EXERCISE PROMPT: The records that follow are to be repeated exactly, with the pictures removed.

====================

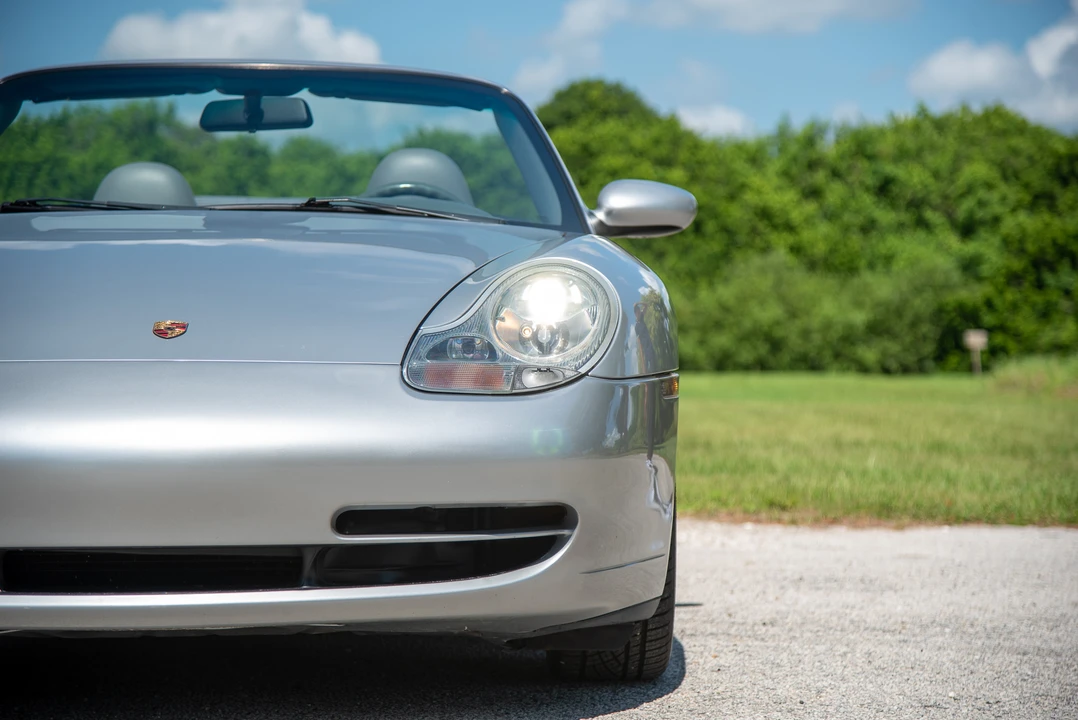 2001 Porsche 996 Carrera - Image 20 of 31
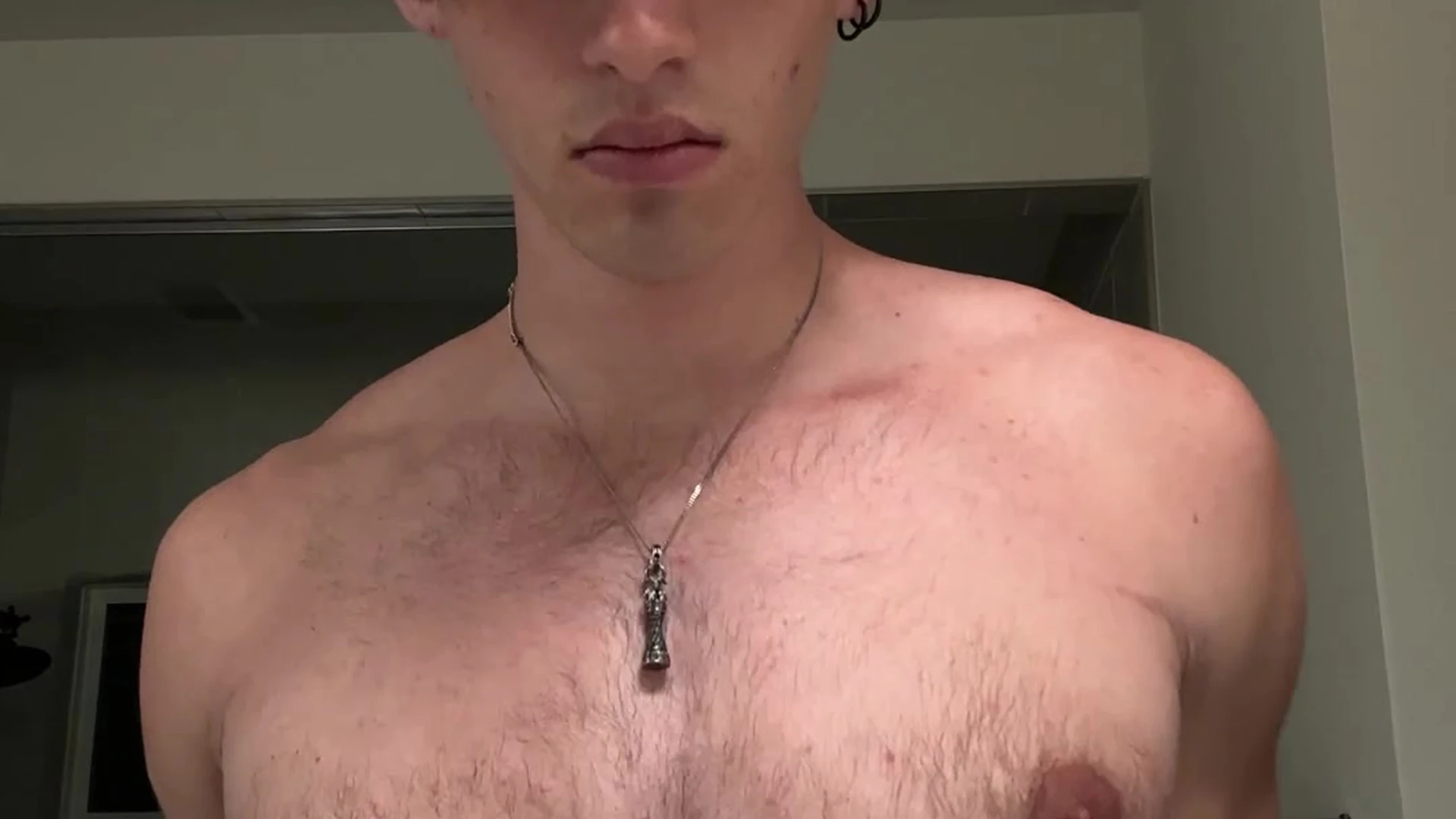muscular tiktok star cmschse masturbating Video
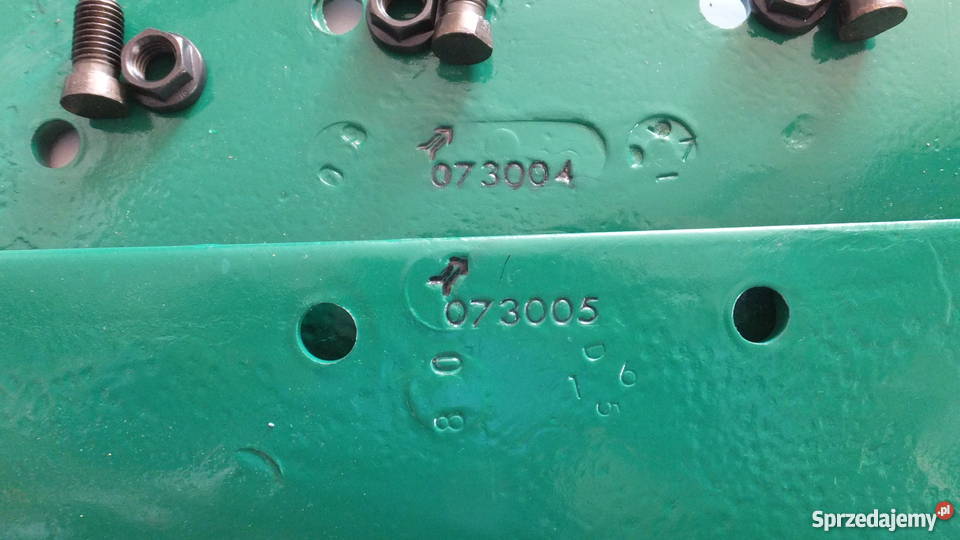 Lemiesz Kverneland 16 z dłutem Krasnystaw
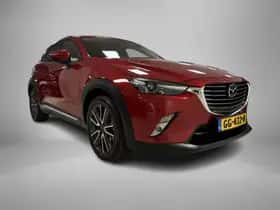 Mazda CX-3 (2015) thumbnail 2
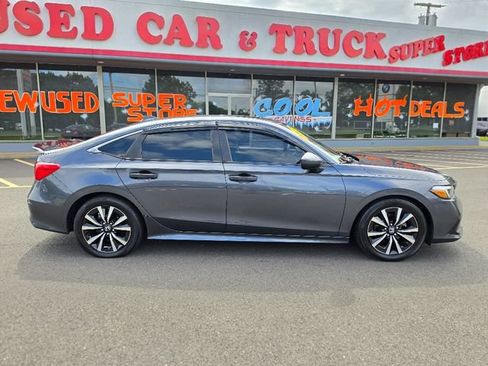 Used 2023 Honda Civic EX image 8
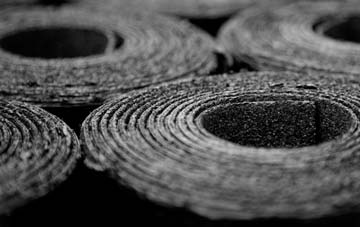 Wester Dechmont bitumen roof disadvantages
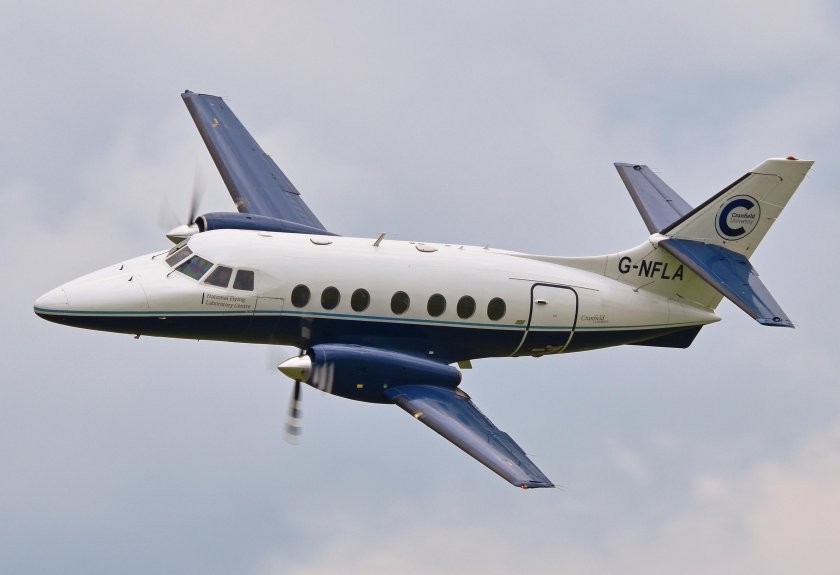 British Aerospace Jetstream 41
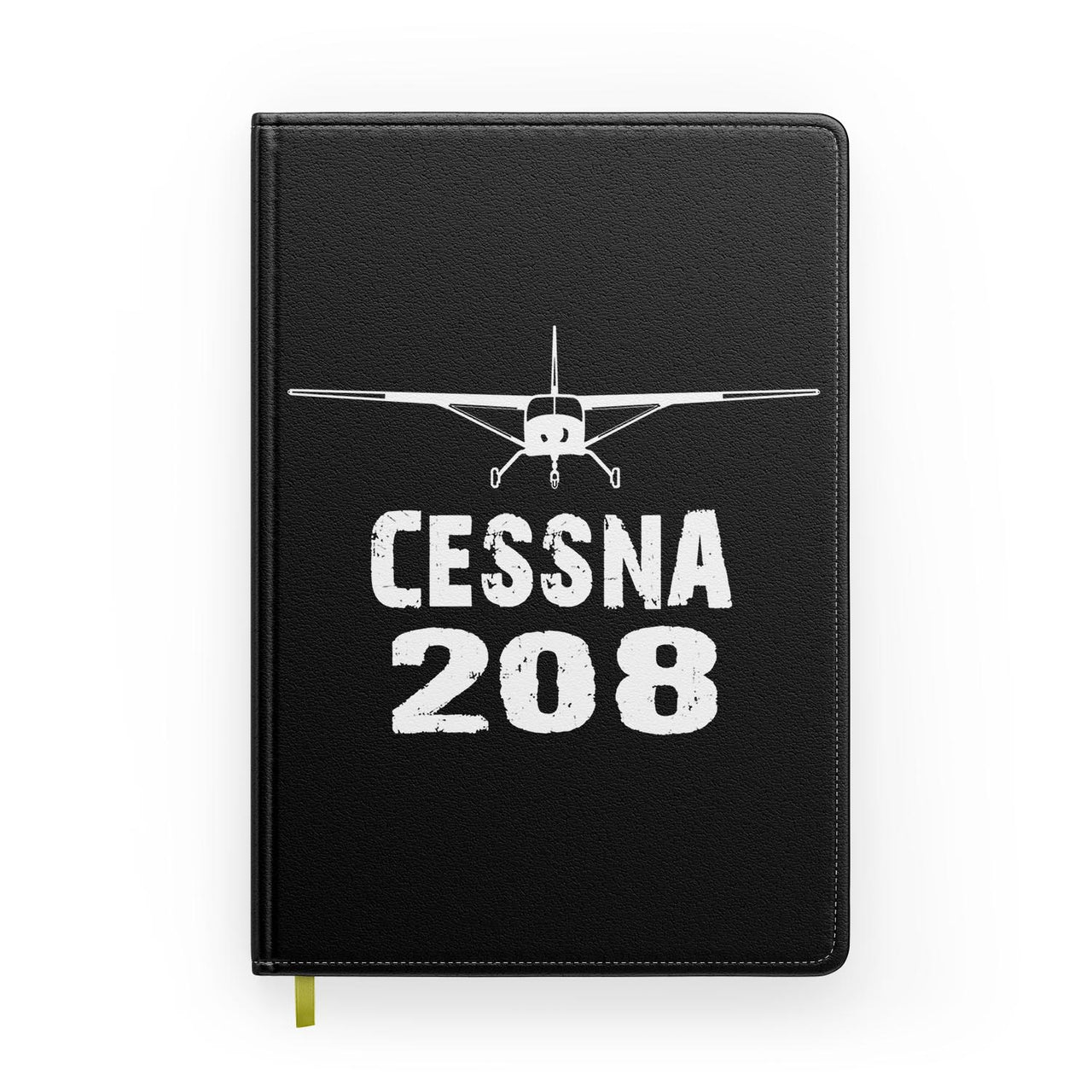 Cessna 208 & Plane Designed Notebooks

====================

THE COMPLETED TASK:
 2001 Porsche 996 Carrera - Image 20 of 31
muscular tiktok star cmschse masturbating Video
 Lemiesz Kverneland 16 z dłutem Krasnystaw
 Mazda CX-3 (2015) thumbnail 2
 Used 2023 Honda Civic EX image 8
 Wester Dechmont bitumen roof disadvantages
 British Aerospace Jetstream 41
 Cessna 208 & Plane Designed Notebooks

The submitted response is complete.